She finally came across fruit snacks with vibrant blue packaging and she immediately felt a weight had been lifting off her shoulders. As she put the package in her basket, she was astonished to see that the first ingredient was actually sugar!

Interestingly, this happens to be the same situation many parents go through on a daily basis. In fact, almost all consumer goods are marketed to make them appear healthy.

According to ​The Guardian​, companies purposely load “their products with unacceptably large amounts of sugar” and advertise them as being much healthier than they truly are. This is a strategy they use to make money.

To make money, companies need to attract the customer. It is one thing to have attractive packaging, but, according to Nielsen, a global marketing research firm, “above all else, if a snack doesn’t taste good, only high dedicated consumers will buy it,” making the added sugar more beneficial for companies.
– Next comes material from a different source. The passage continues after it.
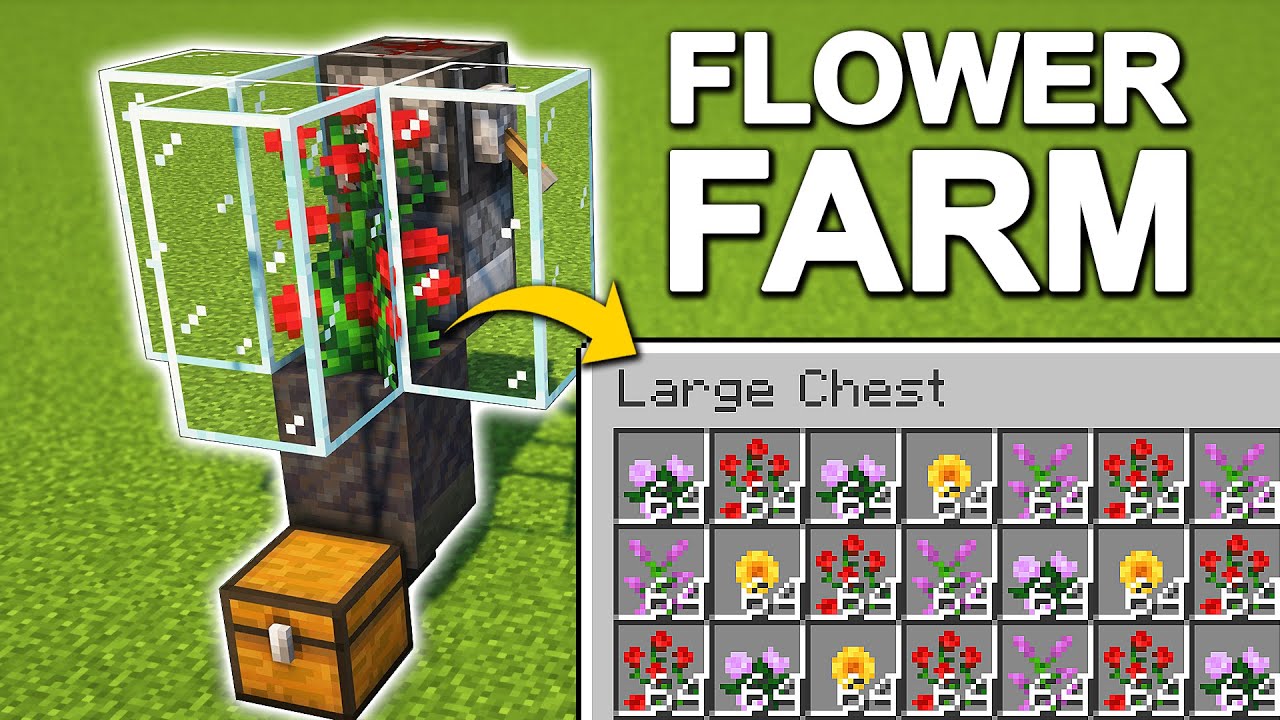 Easy 2 Tall Flower Farm In Minecraft 1 21 Tutorial Youtube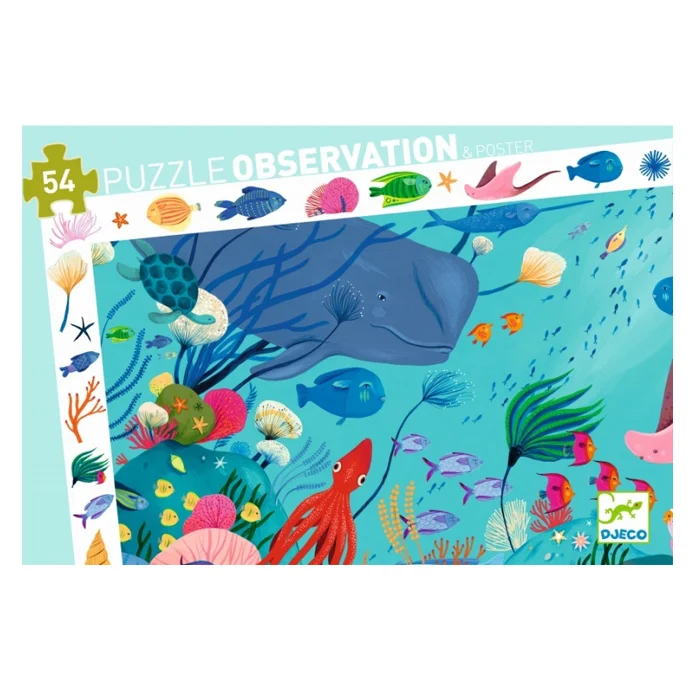 Djeco Beobachtungspuzzle mit Meerestieren, 54 Teile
Nielsen, also says that snacking over the past few years has become “an obsession worth over US$124 billion” in North America.

On top of that, Cara Rosenbloom, a registered dietitian says that the snacks we eat “make up a quarter of our daily calories” therefore, it is very important that our snacks be truthfully advertised.

The Nielsen Firm adds that with this growing obsession “60 percent of consumers seek healthier snack options,” which is why companies feel the need to label their products as being good.

Parents are the most drawn to these marketing techniques because they want to ensure that their children stay healthy. Laura Donnelly says that when looking for snacks, parents are tricked into believing that something is healthy due to the misleading information on the packaging. The marketing distracts them from the sugar content, making them proud to purchase products even if they are not fully aware of what is inside them.

A single pack of these innocent looking snacks contains a whopping ten grams of sugar- that’s almost half of its ingredients! The second ingredient is sugar, even though the packaging says it is made with real fruit and no artificial colours or flavours.

For instance, the Public Health England agency explains that​ ​“the highest sugar content is found in processed dried fruit products which are often marketed as healthy snacks.” Hiding sugars in products like these make parents less sceptical of what they are truly buying.

Sadly, many people do not recognize this trend. This could be the cause of the obesity crisis in North America: as an article published in ​The Telegraph ​suggests, “one in five children are overweight or obese by the time they start primary school.”

Mary Story and Simone French, who both work in the division of Epidemiology at the University of Minnesota, state that many studies have found that the diets that children and teens in North America have do not meet expectations due to all the food they eat which is supposedly good for them. Children are eating too many snacks, and what’s worse, their parents think they are healthy!

Companies today have no obligation to change their advertising strategies, so it is up to the consumer to become more aware of what they are buying. Jaira, along with many, make the mistake of falling for false advertising and not reading nutrition labels. We need to take action and change these ways before it is too late.